Pictures stay out of the copy; set down each line of the listing below exactly.
[[ Recorded information, beginning ]]
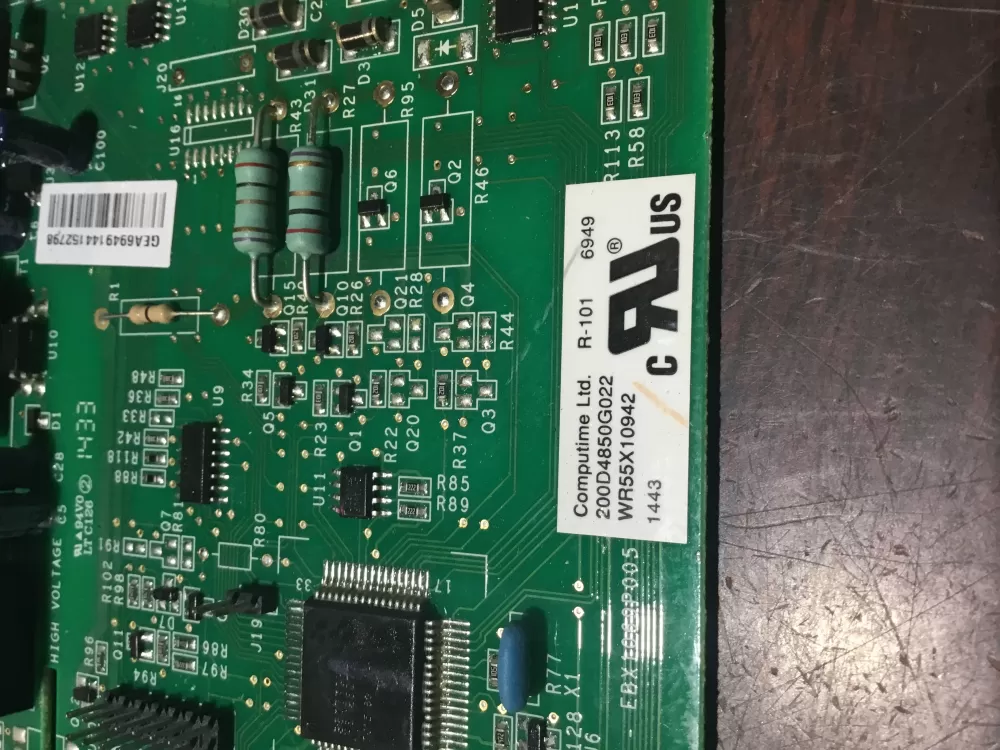 GE 200D2260G008 PD00074367 AP7188100 Refrigerator Control Board AZ69973 | NR1065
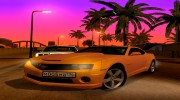 Chevrolet Camaro для GTA San Andreas миниатюра 2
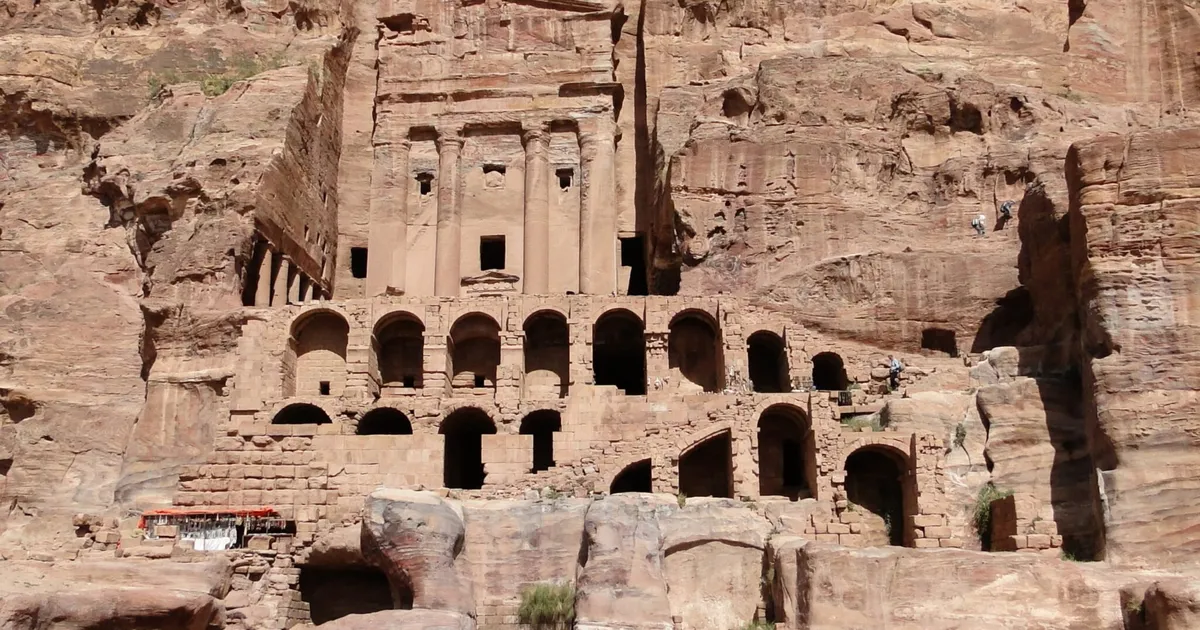 Iidse Petra insenerid tegid seda, mida isegi Roomas ei julgetud ette võtta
[[ Recorded information, end ]]
▶ _Result of this task_
 GE 200D2260G008 PD00074367 AP7188100 Refrigerator Control Board AZ69973 | NR1065
 Chevrolet Camaro для GTA San Andreas миниатюра 2
 Iidse Petra insenerid tegid seda, mida isegi Roomas ei julgetud ette võtta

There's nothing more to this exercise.